GitOps deployment (Argo CD)

Observability applications are usually defined in:

overrides/argo-cd-resources/values.yaml

Typical apps:

prometheus-stack (namespace monitoring)
loki (namespace monitoring)
tempo (namespace monitoring)
alloy (namespace monitoring)
prometheus-msteams (namespace monitoring)

Once Argo CD is bootstrapped, the stack is reconciled automatically by Argo CD.

Prometheus Stack configuration

Cluster settings are defined in:

overrides/prometheus-stack/values.yaml

Common configuration areas:

Grafana ingress / external access

Ingress settings are cluster-specific and configured in the overrides values file.

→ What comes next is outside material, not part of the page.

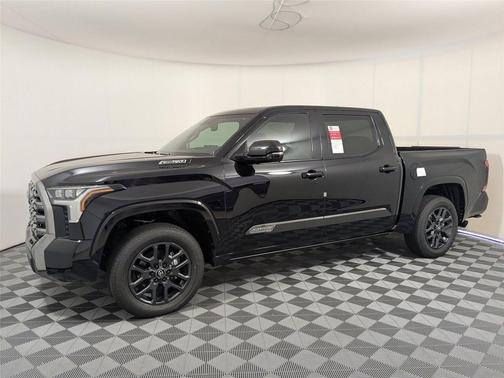 2025 Toyota Tundra Hybrid Platinum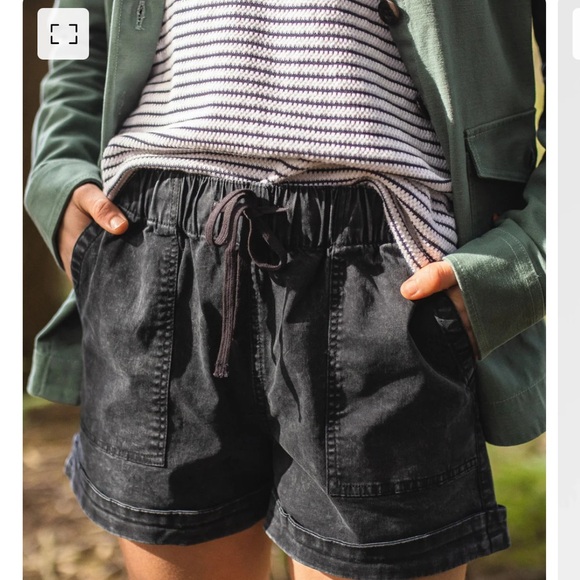 Women's Black Cargo Shorts - Picture 1 of 4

Because different municipalities will use different DNS and domains, the documentation stays generic:

update the Grafana ingress host(s) to match your environment
ensure TLS secret name matches your cluster (for example wildcard cert)

Example (conceptual):

prometheus-stack:
  grafana:
    ingress:
      enabled: true
      ingressClassName: traefik
      hosts:
        - <grafana-domain>
      tls:
        - secretName: <tls-secret>
          hosts:
            - <grafana-domain>

If you do not use ingress, you can port-forward Grafana locally instead (see below).

Grafana authentication (OIDC / OAuth)

Grafana can be configured to authenticate using an OIDC provider (for example Authentik).

In this setup:

Grafana reads the OIDC client secret from an environment variable
the secret is provided via a Kubernetes Secret (often via Sealed Secrets)

Sealed secret

The override includes a template like:

overrides/prometheus-stack/templates/sealed-grafana-oidc-secret.yaml

This secret typically provides:

GRAFANA_OAUTH_CLIENT_SECRET

Grafana ini configuration

OIDC settings are configured in:

overrides/prometheus-stack/values.yaml under grafana.grafana.ini

Example concepts:

auth.generic_oauth.enabled = true
auth.generic_oauth.client_id = ...
auth.generic_oauth.client_secret = $__env{GRAFANA_OAUTH_CLIENT_SECRET}
issuer / authorize / token / userinfo endpoints for your provider

Important: Keep all municipality-specific URLs (issuer, auth, token, userinfo, and domains) in overrides only.

Custom Grafana image (custom CA certificates)

When Grafana needs to talk to an internal OIDC provider using a certificate signed by an internal CA, you must ensure Grafana trusts that CA.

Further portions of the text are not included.